Saturday, May 9, 2015

Bread and Music

Before I begin, let it be known that I had a pretty good post written before my iPad decided to freak out on me. So here's part two!

One of my greatest talents in life is being able to eat large amounts of bread in one day. I love bread. I'm fairly certain that when I'm not at home, my family's bread consumption goes down by at least 63%. My mom can probably confirm this (hi mom, happy almost mother's day!) Anyway, if it's made from flour, water, salt, and yeast, and stuck in an oven for like an hour, I'll probably eat it. Brotchen, salty olive bread, brotchen with poppyseeds, pretzels with butter, ciabatta, even the ominously-healthy-looking vollkornsbrot... I will eat it. As I sort of like to say, frühstück is the most important stück of the day and if there's not bread involved, then what's the point? What I'm saying is that Germany is great if you like bread. Forget beer. Forget various meat-and-potato dishes. Bread is where it's at.

And now for something completely different!

In America, it's totally normal to listen to music as you walk. On the rare and miserable days where I forget my headphones, I notice that I'm one of the very few people without headphones. Everyone else is listening to something - an NPR podcast or a voicemail from their dad or their friend's new mix tape or even ocean noises, just not what's around them. They don't hear other people talking to each other, they don't hear bike bells ringing, they don't hear the world. But it's so ingrained into our culture, or at least it is with young people. Yesterday, I went on a little adventure through the city, and habitually, I unrolled my headphones from their coil, plugged them into my phone's headphone jack, stuck the buds in my ears, and went for my recent favorites.

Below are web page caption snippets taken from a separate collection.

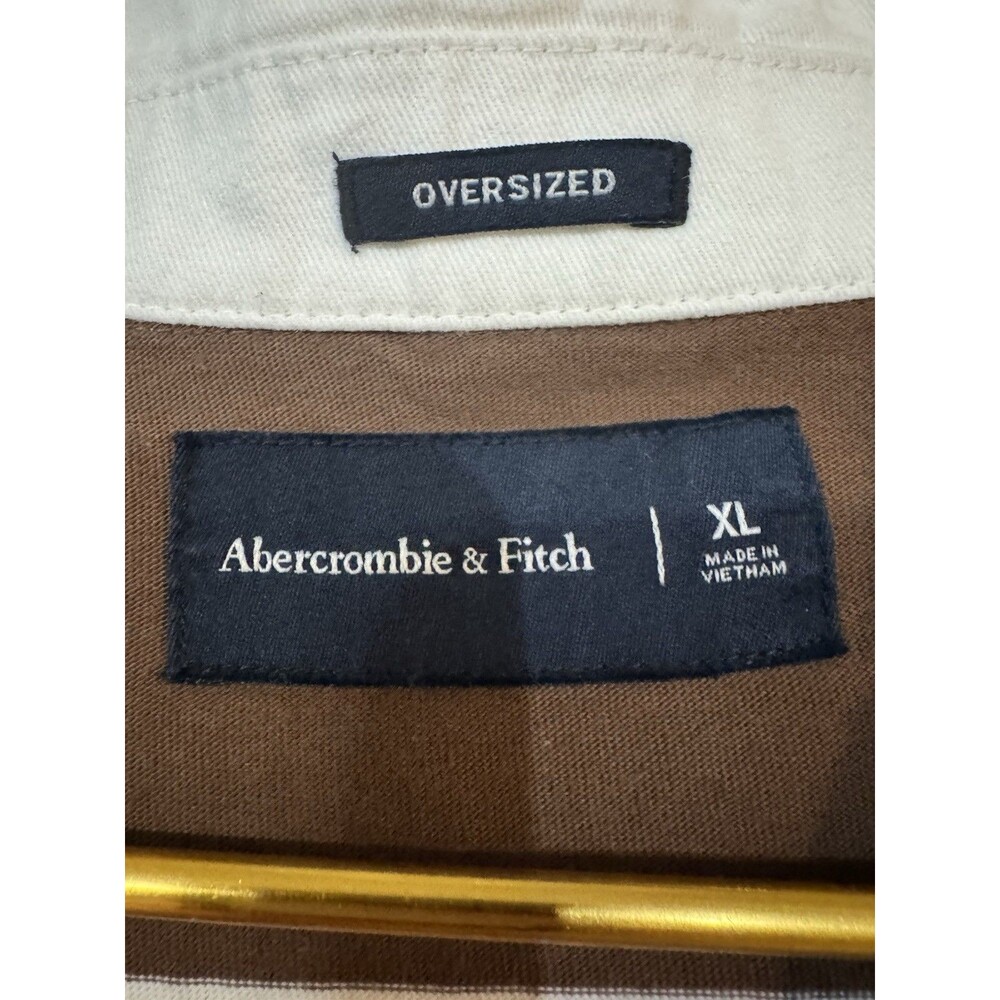 Abercrombie & Fitch Rugby Oversized Polo Shirt Men's XL Stripe Preppy Brown - Picture 2 of 8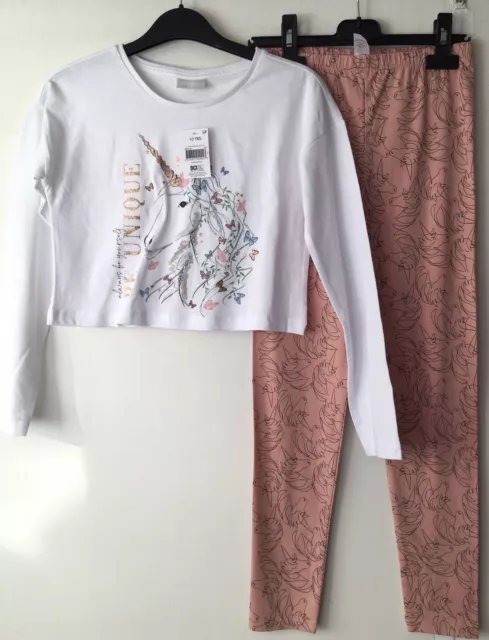 Top unicorno sexy Matalan nuove etichette ragazze & leggings unicorno nuovi TU 10 anni 2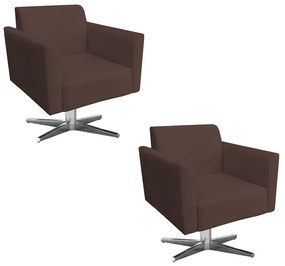 Kit 02 Poltronas Giratória Marisa Suede Base Cromada D03 - D'Rossi - Marrom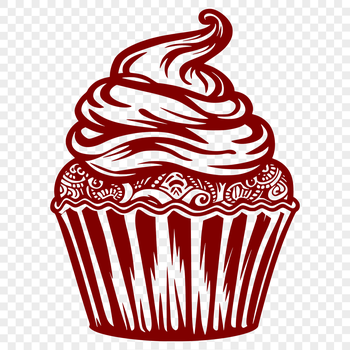 A digitally created cupcake illustration in vector format, suitable for various graphic design applications.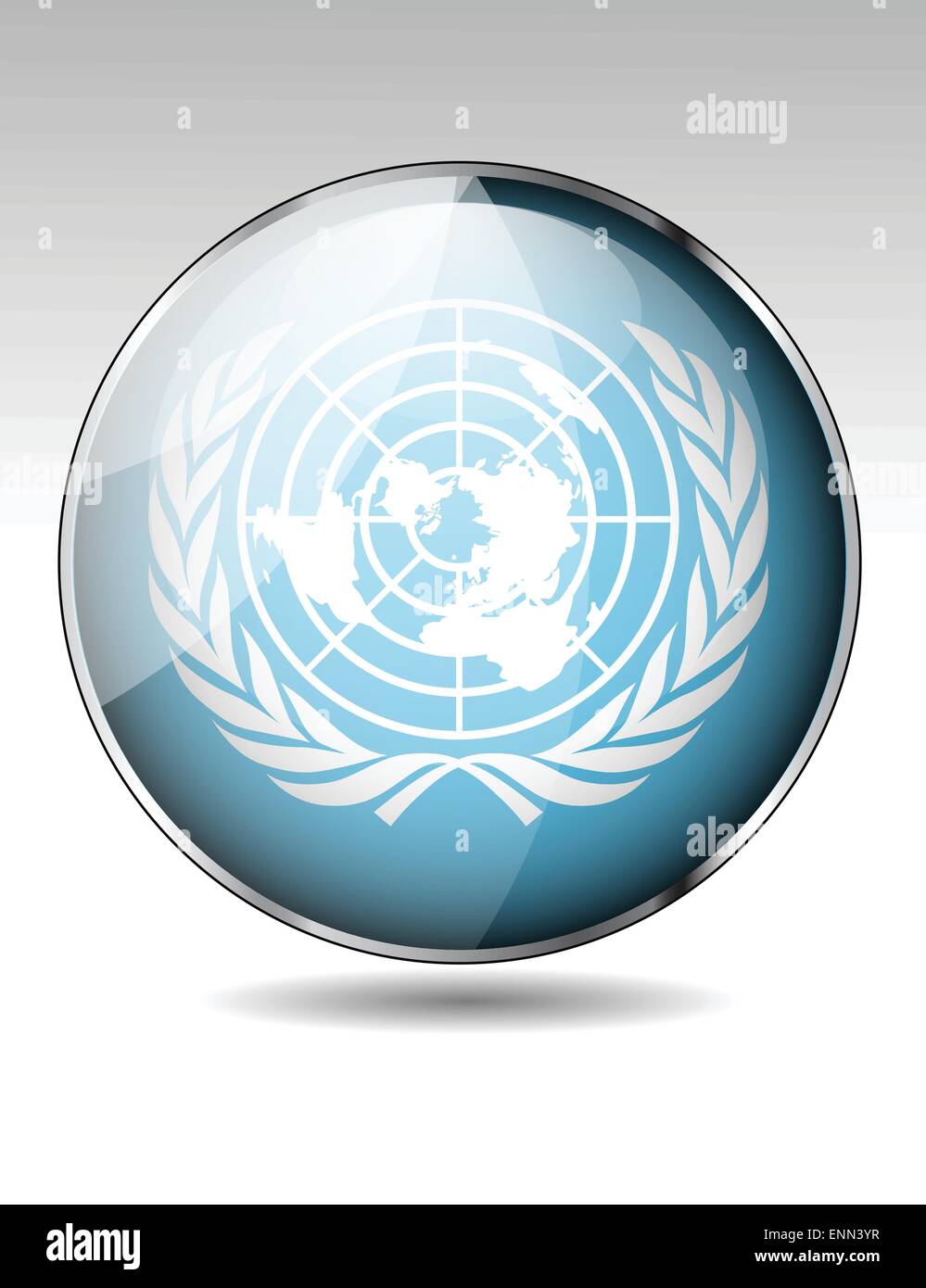 Botón de la bandera de las Naciones Unidas Ilustración del Vector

Imagine my surprise when, as I'm jamming out to some OutKast on the tram, I realize that almost no one else is listening to anything. On a packed tram, I'm one of maybe three people getting my tunes on.

It's not like there's much else to listen to - every few minutes, a very serious voice announces the next stop. An angry driver honks at some wayward pedestrian. There's an ambulance siren. Usual public transportation type things. Nothing special. No one's talking to anyone, because gross, strangers, but no one is blocking themselves off from the world. 

As OutKast slowly faded out and a Frank Zappa tune came on (do not judge me), I realized just how isolating headphones are. I could be missing so much! Someone would literally have to yell at me before I realized they were talking to me. I turned the music off and just sort of listened to the world around me. I wasn't listening to much as just letting the noises of the city happen; if there was a siren, there was a siren. I also found that I could think a little more. Instead of pretending to be in a music video and singing along in my head, I could actually think. It was not a bad experience.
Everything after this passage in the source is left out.